We can usefully look at Kubler-Ross’s work on how people cope with death and dying as a way of understanding what is happening now.
As people lose the sense that they understand how the world works and what the near and medium term future will look like for them, their thinking and experience shifts through a number of stages:
- Shock that their understanding of the world and how it works (especially for them) no longer holds true.
- Denial that the world they know and understand will not return as it was.
- Anger and Frustration with all, most especially
those who they see as representing the different future – the one they are
resisting in the hope that the “old and familiar” future will return.
- Bargaining about how they can “live” in the new world while retaining some semblance of the old.
- Depression when they release that the bargaining they were engaged in will not lead to what it was they had hoped for. This often leads to a return to anger and frustration and a new attempt at bargaining – this can be a repeated cycle for some time.
- Decision to accept that the world has changed and that they need to move on.
- Integration of the new understanding of the world into the way in which they live their lives.
It should be clear that not everyone who experiences the sense of loss of the future as they had understood it will successfully move through these stages. Many get stuck at anger and frustration or are locked into the anger-bargaining-depression cycle and repeat it many times.
One consequence of this experience are challenges around mental health and wellness. It is no surprise that, in all sectors of society and at all ages, we see a mental health pandemic. Whether it is rates of anxiety, depression, addiction or suicide – the numbers are rising as quickly as society and our economy is changing.
The In Between Time
We can see what is happening as an in-between time – a time between the old and a the new economy, between an old form of capitalism and a new form of capitalism, a time between a stable planet and an unstable one.
For individuals and families, the in-between time is full of uncertainties, risk and cost. Trying to make decisions now which will produce outcomes 2-3 years from now produces a great deal of anxiety. Is a college or university education worth the growing cost and debt and if it is, what should I study that will give me some surety about future work? Is this a good time to marry and, if it is, where is the best place for us to live and work? What about having children – given the state of the planet and the uncertainty about the future, what world will be leaving them? Shall I try for this job – if so, how long might it last?

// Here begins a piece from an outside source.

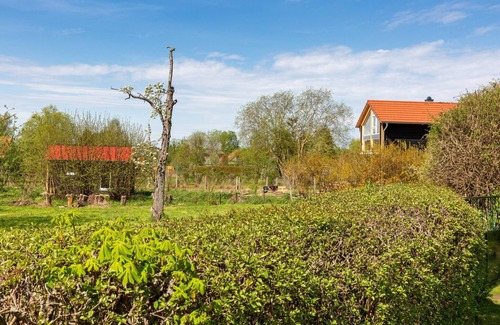 Neukalen House | Holiday Home 'Haus An Der Peene' with Private Terrace, Private Garden and Wi-Fi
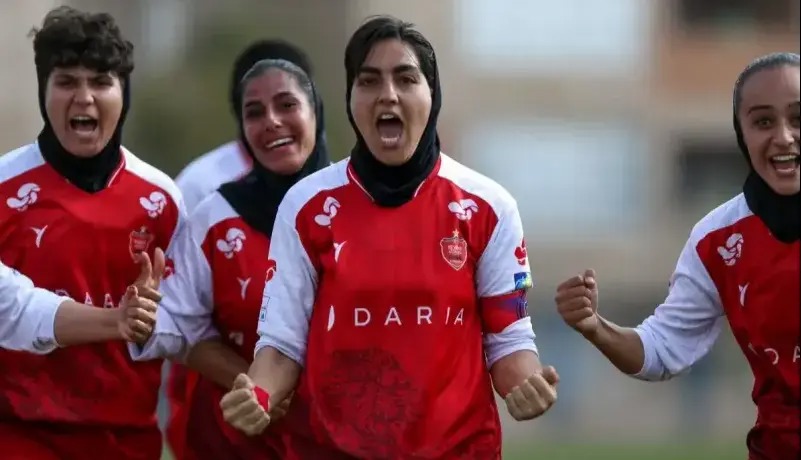 صدرنشینی مطلق، هدیه بزرگ استقلال به پرسپولیس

To make this very real, look at the decision someone made four years ago to study petroleum engineering in an oil rich place like Alberta. Four years ago, companies were hit by a major downturn with a great many lay-offs. While the big companies that account for 80% of production continue to be highly profitable, they leveraged the downturn to focus on innovative technologies that enable them to produce a growing volume of oil and gas with much less labour. Now the sector in Alberta employs fewer than 20,000 people and is no longer an engine of employment, though continues to have undue influence over our economy and politics. That petroleum engineer is now most likely to find work in some other part of the world or in another sector that can use his technical and thinking skills – a sector not connected with petroleum.
The in-between time is messy, painful and difficult and, for some, can last a long time. It is a necessary phrase in a transitional economy. We all need to understand that this is happening and, more importantly, we cannot go back to the past since the future is pulling whether we like it or not.